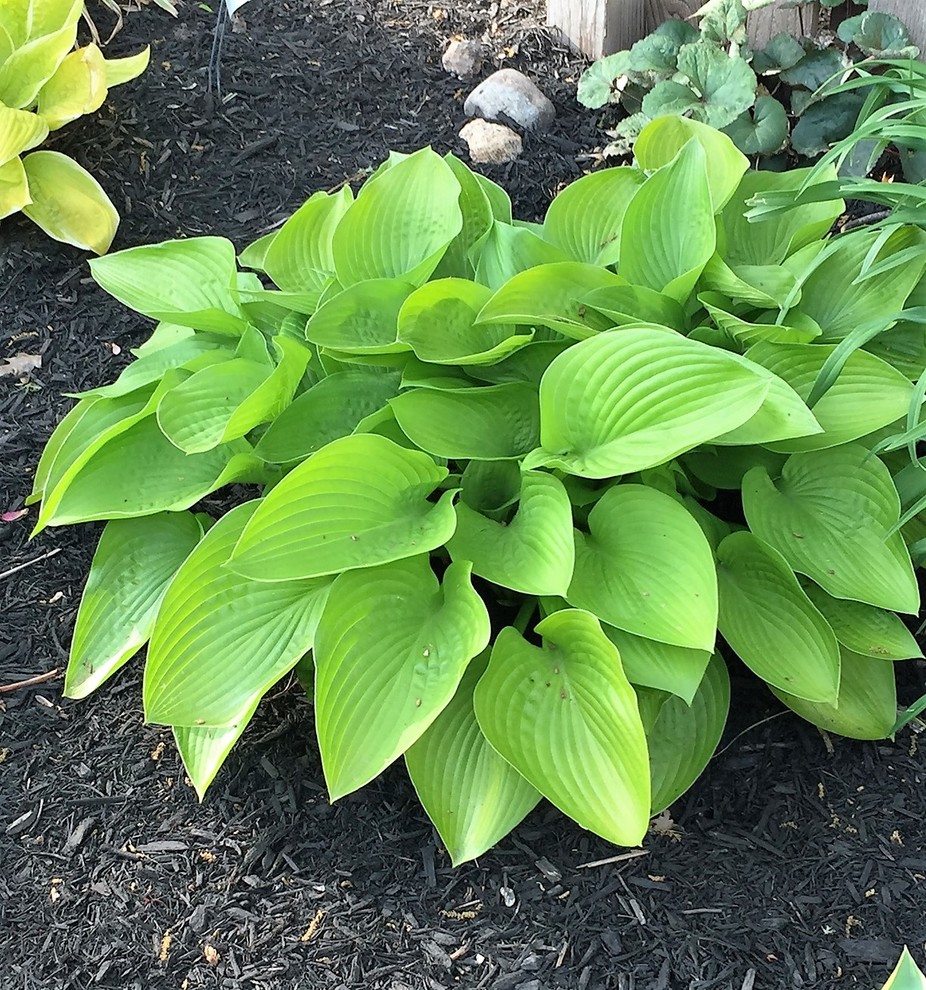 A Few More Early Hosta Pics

-*-

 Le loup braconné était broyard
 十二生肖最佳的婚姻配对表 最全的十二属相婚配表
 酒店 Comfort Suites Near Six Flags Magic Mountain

-*-

Your answer should be the exact lines above from the one with "Le loup braconné était broyard" through the one with "酒店 Comfort Suites", both included, and nothing besides.

 Le loup braconné était broyard
 十二生肖最佳的婚姻配对表 最全的十二属相婚配表
 酒店 Comfort Suites Near Six Flags Magic Mountain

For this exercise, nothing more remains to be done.